▸ TASK: Your answer must be only the lines below from the one containing "Fresh orange juice" through the one containing "Little Edge Geometric", copied exactly, with the pictures left out.

▸ WORKING DATA:
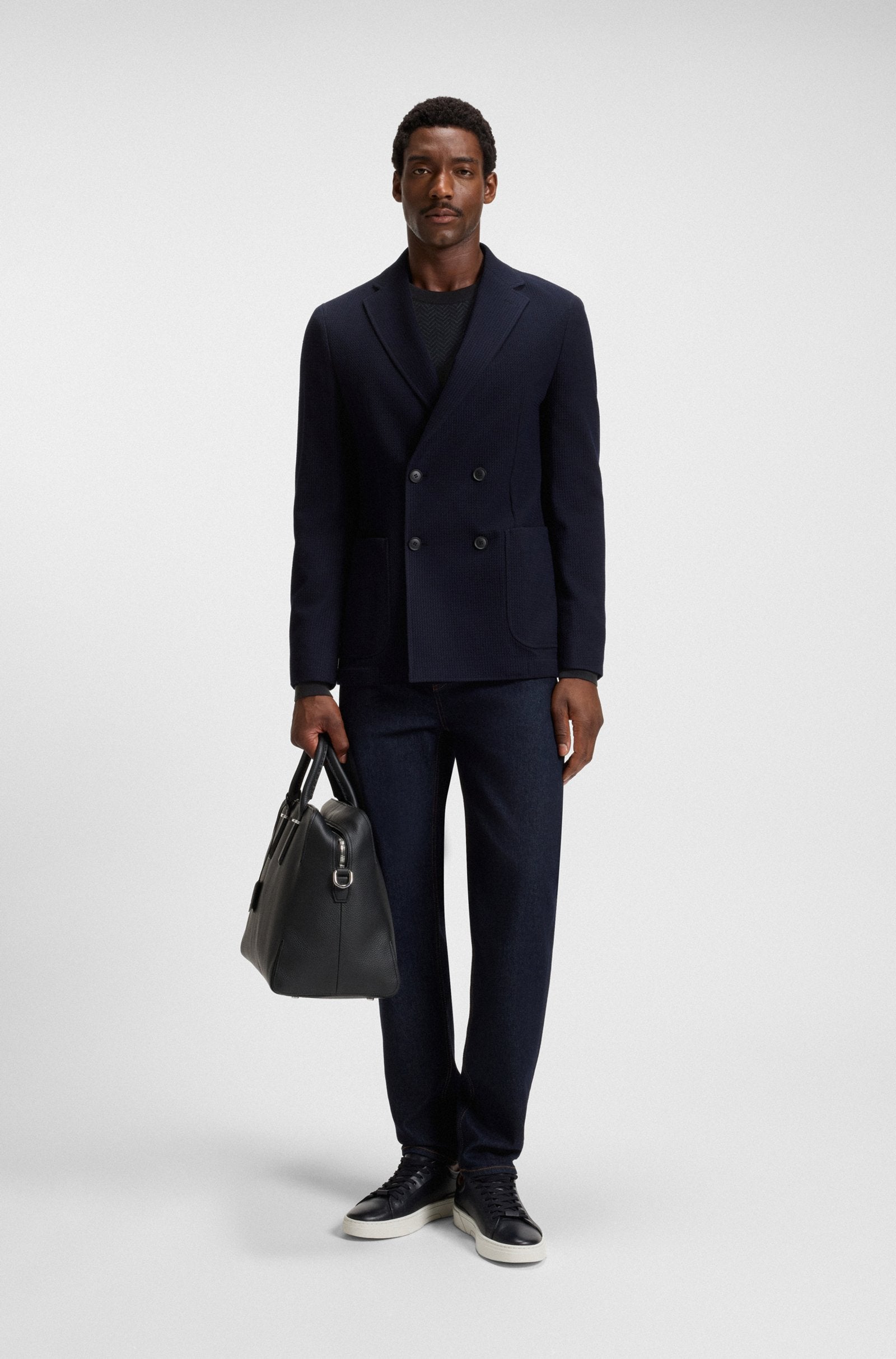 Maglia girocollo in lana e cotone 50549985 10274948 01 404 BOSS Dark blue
--
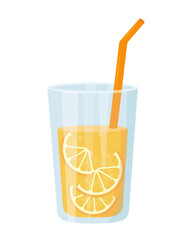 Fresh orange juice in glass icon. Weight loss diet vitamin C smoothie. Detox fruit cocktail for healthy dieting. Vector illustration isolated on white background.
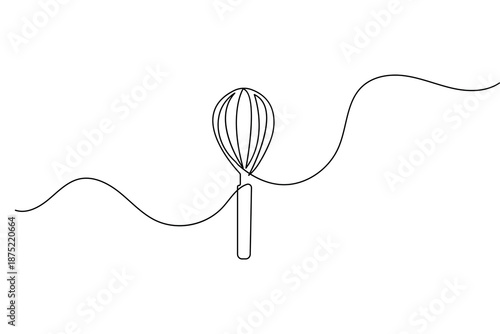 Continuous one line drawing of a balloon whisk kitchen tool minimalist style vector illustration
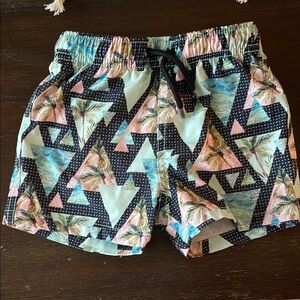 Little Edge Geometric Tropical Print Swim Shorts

▸ THE ANSWER:
 Fresh orange juice in glass icon. Weight loss diet vitamin C smoothie. Detox fruit cocktail for healthy dieting. Vector illustration isolated on white background.
 Continuous one line drawing of a balloon whisk kitchen tool minimalist style vector illustration
 Little Edge Geometric Tropical Print Swim Shorts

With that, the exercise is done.